WHAT THE TASK REQUIRES: Begin at the line below that has "мяу мяу кристалл Краснознаменск" and stop after the line that has "Старинная церковная книга". Please restate only those lines, word for word.

GIVEN ENTRIES:
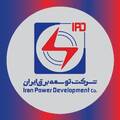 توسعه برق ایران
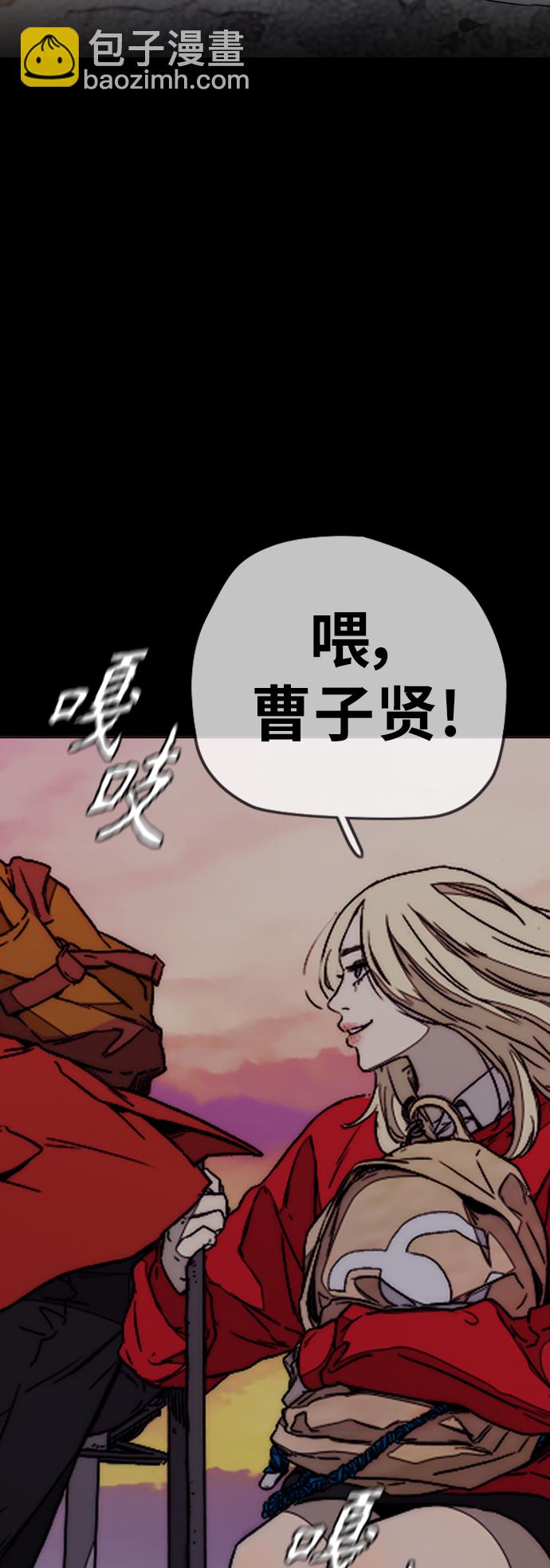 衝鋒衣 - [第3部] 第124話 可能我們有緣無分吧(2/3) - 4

---

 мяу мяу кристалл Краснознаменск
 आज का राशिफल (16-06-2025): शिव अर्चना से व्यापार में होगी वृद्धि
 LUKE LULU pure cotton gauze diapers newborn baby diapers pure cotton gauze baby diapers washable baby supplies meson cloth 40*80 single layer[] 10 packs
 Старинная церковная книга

PROBLEM SOLUTION:
 мяу мяу кристалл Краснознаменск
 आज का राशिफल (16-06-2025): शिव अर्चना से व्यापार में होगी वृद्धि
 LUKE LULU pure cotton gauze diapers newborn baby diapers pure cotton gauze baby diapers washable baby supplies meson cloth 40*80 single layer[] 10 packs
 Старинная церковная книга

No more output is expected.